In the entries below, copy only the lines from the one that contains "Renault Kadjar blue dci 115 edc — photo 34" through the last line, exactly, and omit any pictures.

*** Opening Data provided ***

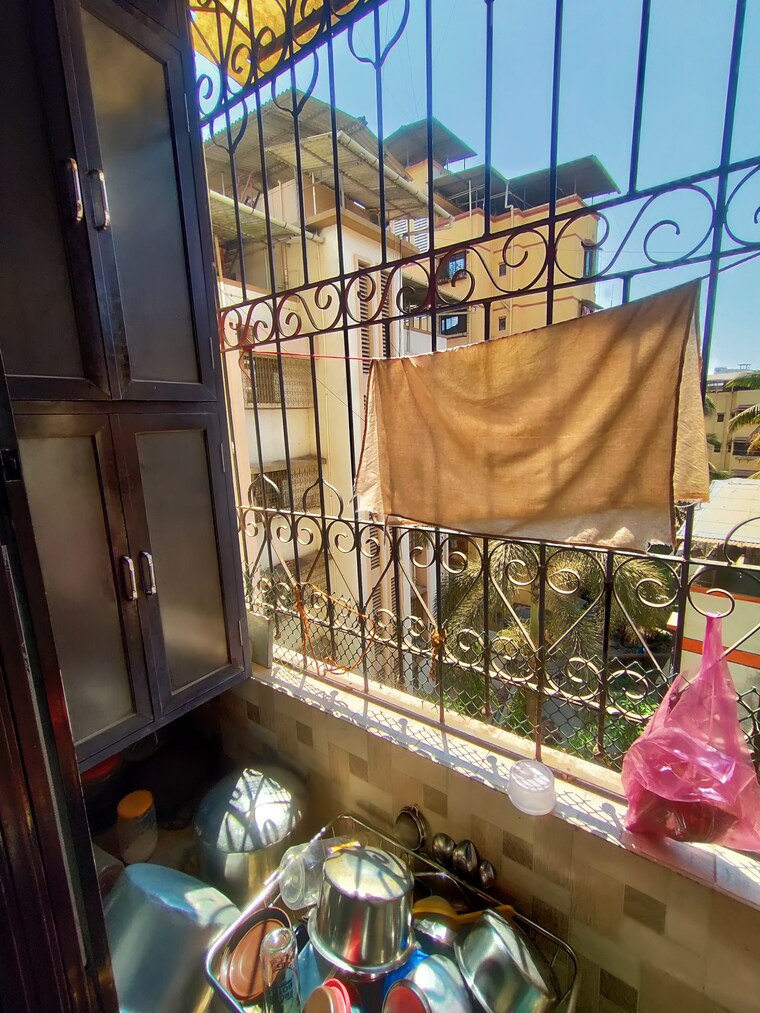 Balcony, pragati-skyline 2 Bedroom 1000 Sq.Ft. Apartment In Dombivli West Thane 8377129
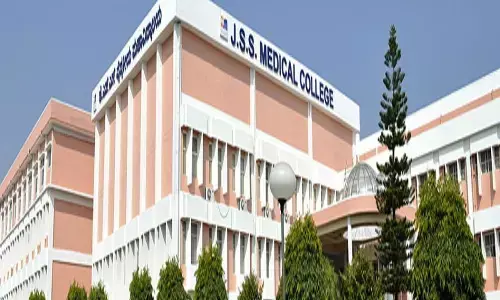 JSS Medical College to support Ukraine war-hit students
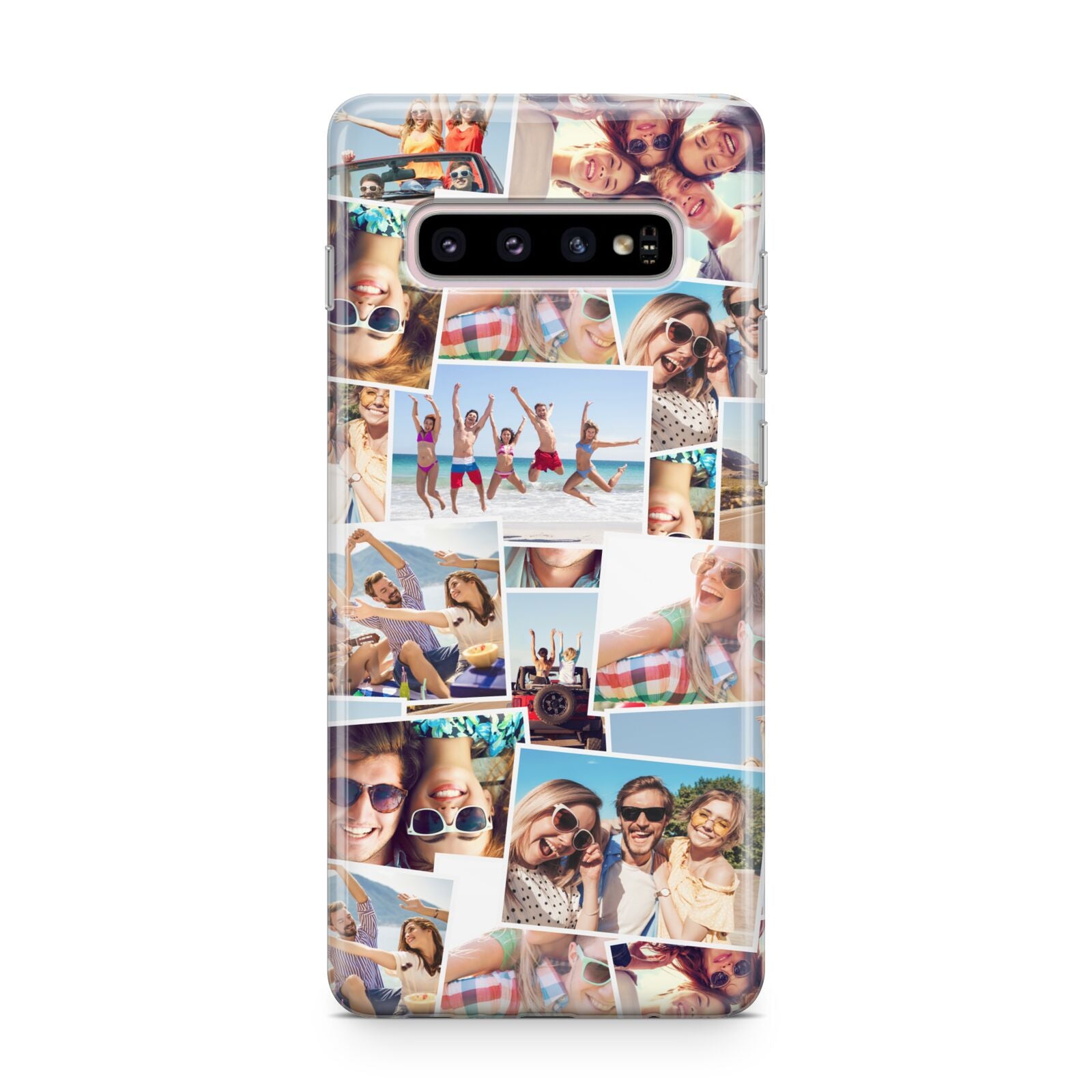 Photo Montage Samsung Galaxy S10 Plus Case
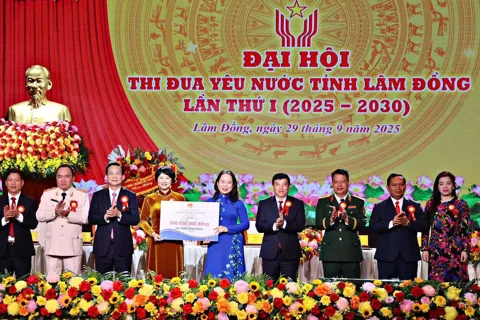 Lâm Đồng hội tụ tiềm năng, truyền thống và nguồn lực để phát triển nhanh, bền vững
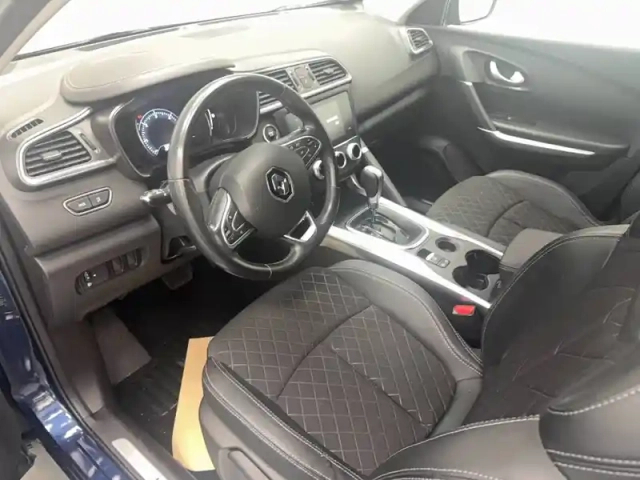 Renault Kadjar blue dci 115 edc — photo 34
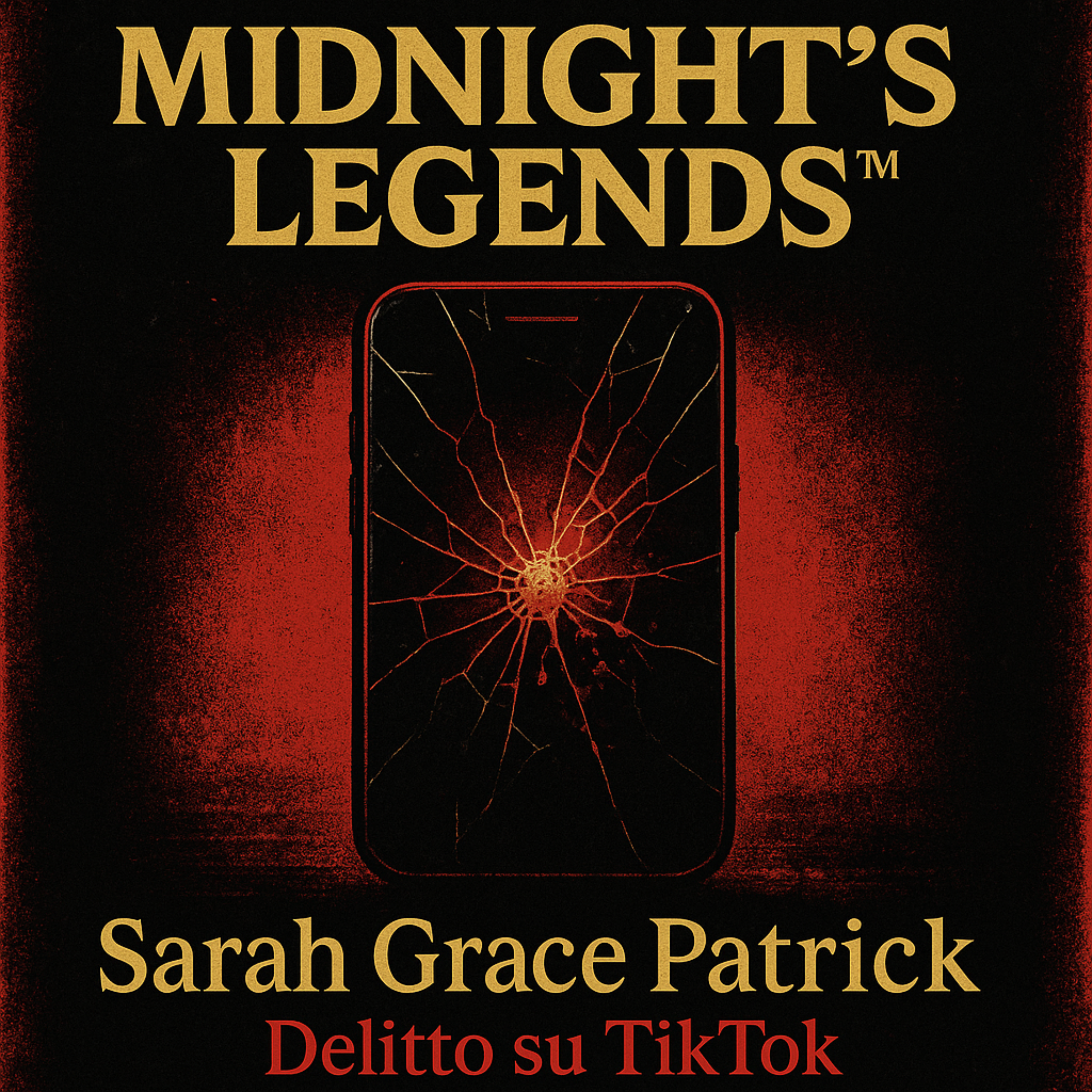 S01 E27 Sarah Grace Patrick - Omicidio su TikTok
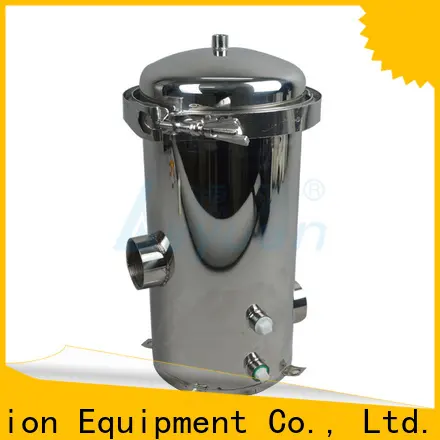Lvyuan best ss cartridge filter housing housing for sea water desalination1 1
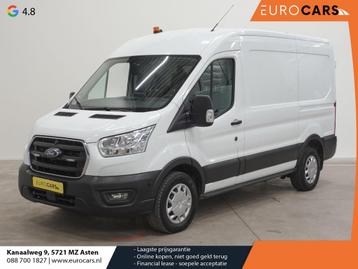 Ford Transit 2.0 L2H2 Trend 131PK Airco Navi Camera Parkeers beschikbaar voor biedingen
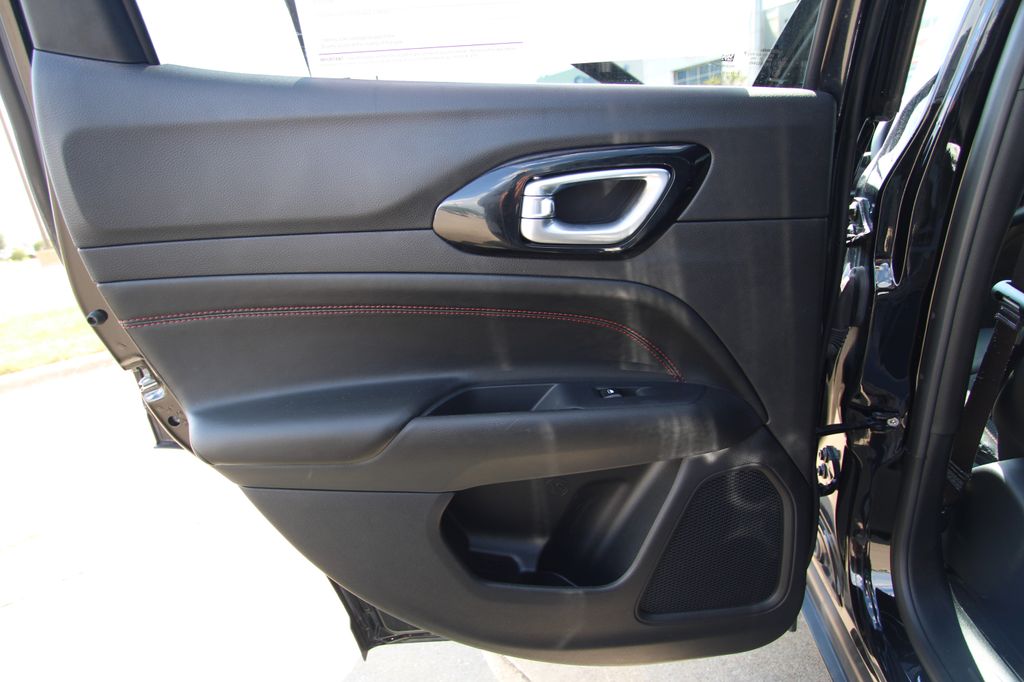 Used 2025 Jeep Compass SUV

*** Closing Data provided ***

== Problem solution ==
 Renault Kadjar blue dci 115 edc — photo 34
 S01 E27 Sarah Grace Patrick - Omicidio su TikTok
Lvyuan best ss cartridge filter housing housing for sea water desalination1 1
 Ford Transit 2.0 L2H2 Trend 131PK Airco Navi Camera Parkeers beschikbaar voor biedingen
 Used 2025 Jeep Compass SUV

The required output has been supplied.